* _Information supplied_:
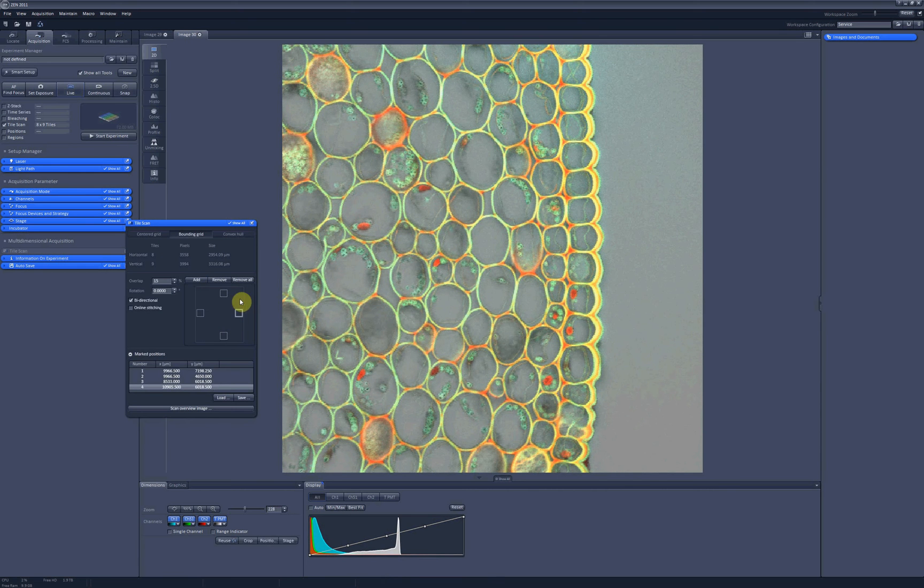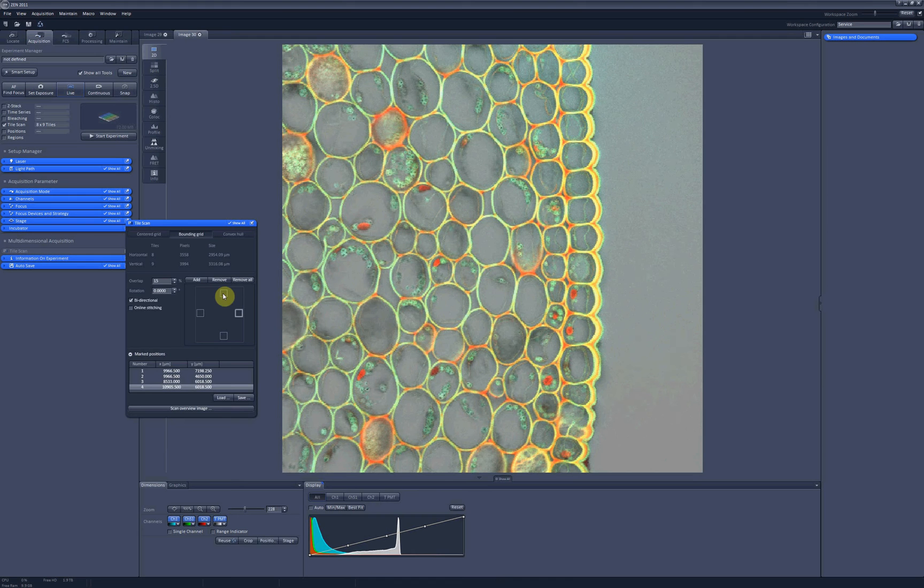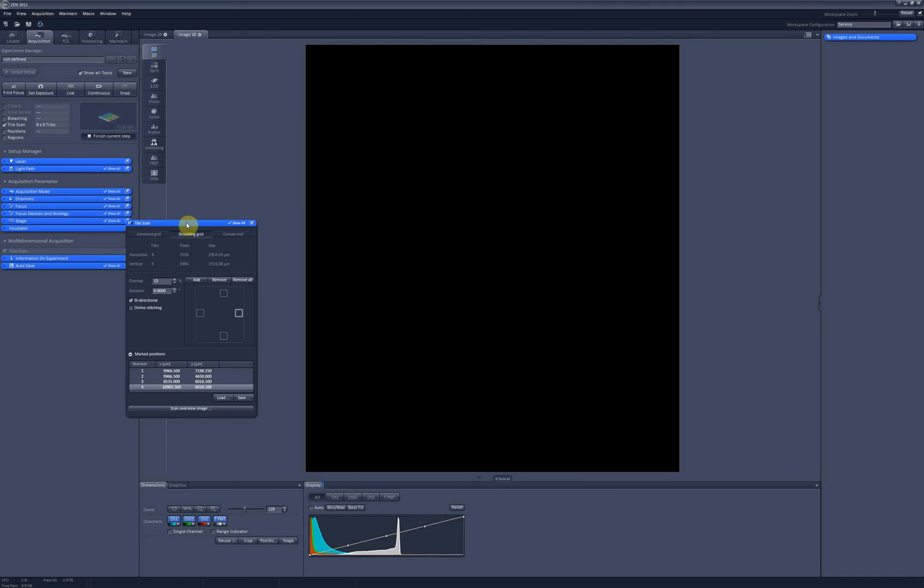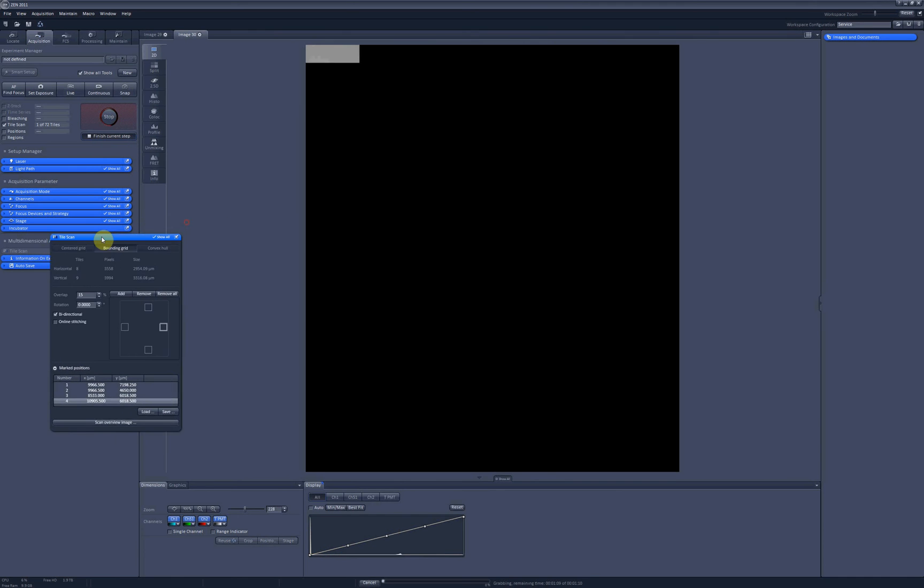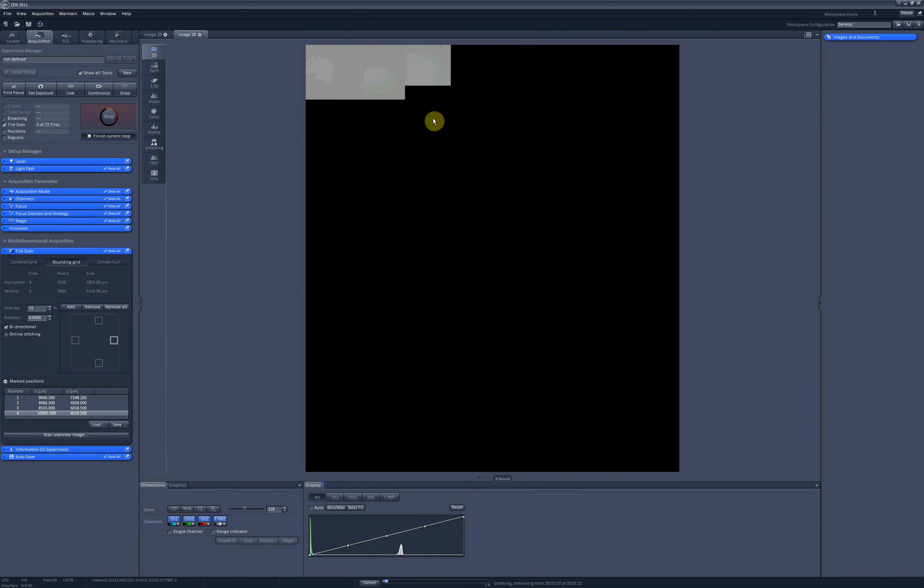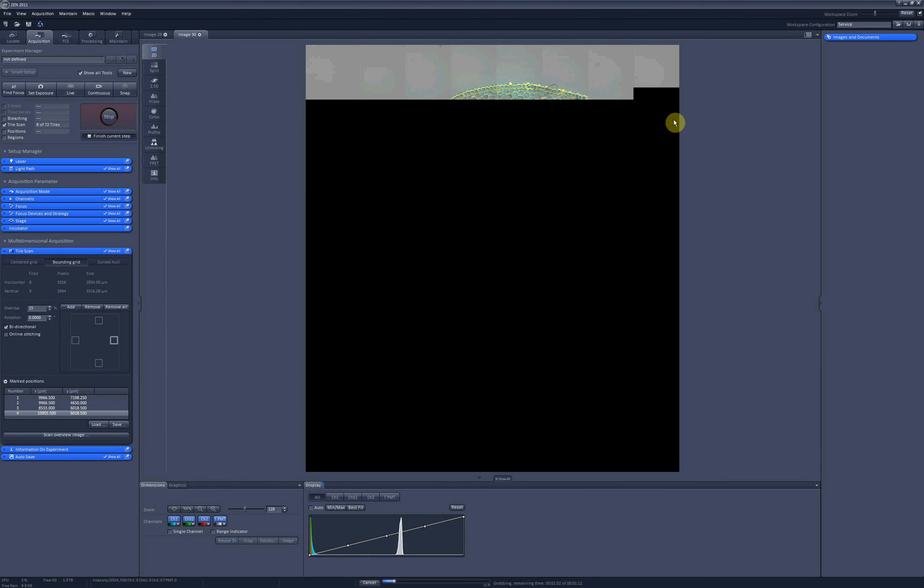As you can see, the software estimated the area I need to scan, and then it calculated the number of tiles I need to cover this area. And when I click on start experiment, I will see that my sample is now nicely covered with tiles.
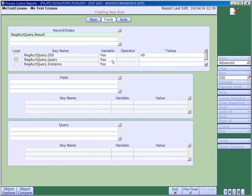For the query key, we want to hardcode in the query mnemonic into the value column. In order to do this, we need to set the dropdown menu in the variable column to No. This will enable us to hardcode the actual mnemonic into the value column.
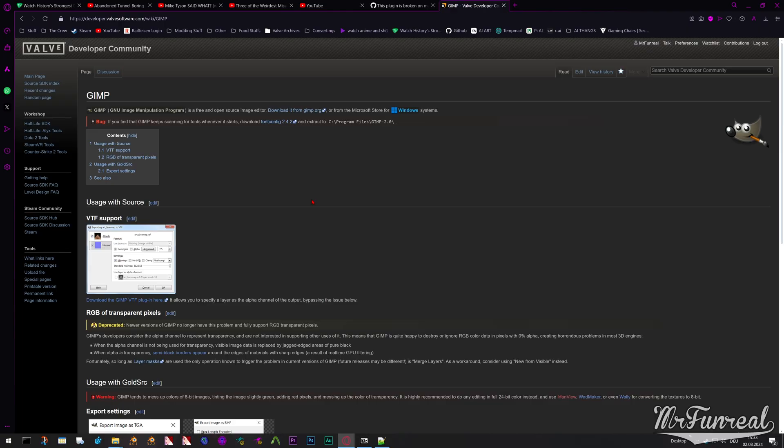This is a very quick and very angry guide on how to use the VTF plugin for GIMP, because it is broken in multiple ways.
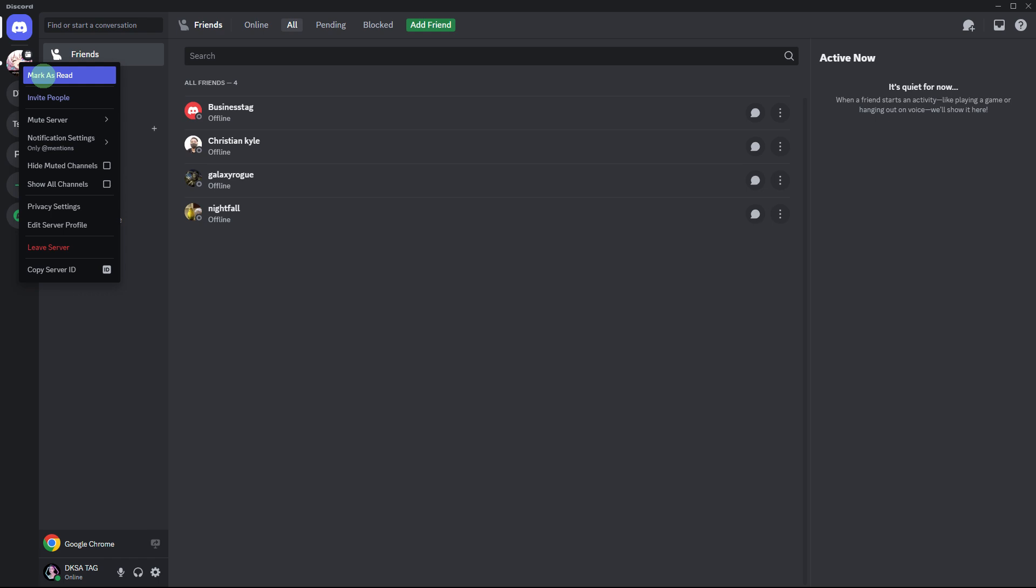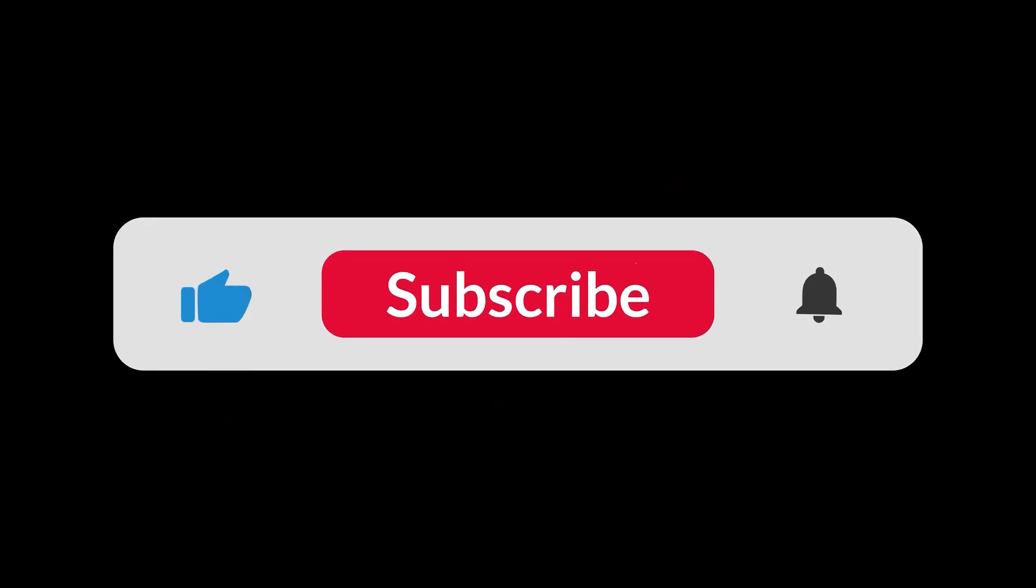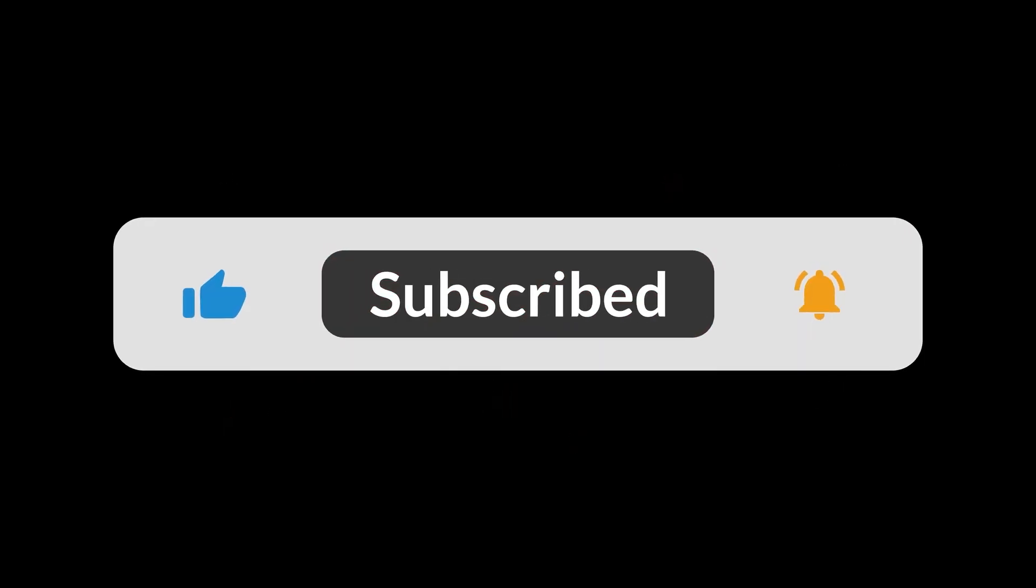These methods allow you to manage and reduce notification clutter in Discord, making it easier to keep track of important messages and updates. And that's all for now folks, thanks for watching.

* _What you are asked to do_: Transcribe only these lines, exactly: the first line of the listing, every line after it, and the line with "For the query", where the copy ends. Include no picture.

* _Answer to this exercise_:
As you can see, the software estimated the area I need to scan, and then it calculated the number of tiles I need to cover this area. And when I click on start experiment, I will see that my sample is now nicely covered with tiles.
For the query key, we want to hardcode in the query mnemonic into the value column. In order to do this, we need to set the dropdown menu in the variable column to No. This will enable us to hardcode the actual mnemonic into the value column.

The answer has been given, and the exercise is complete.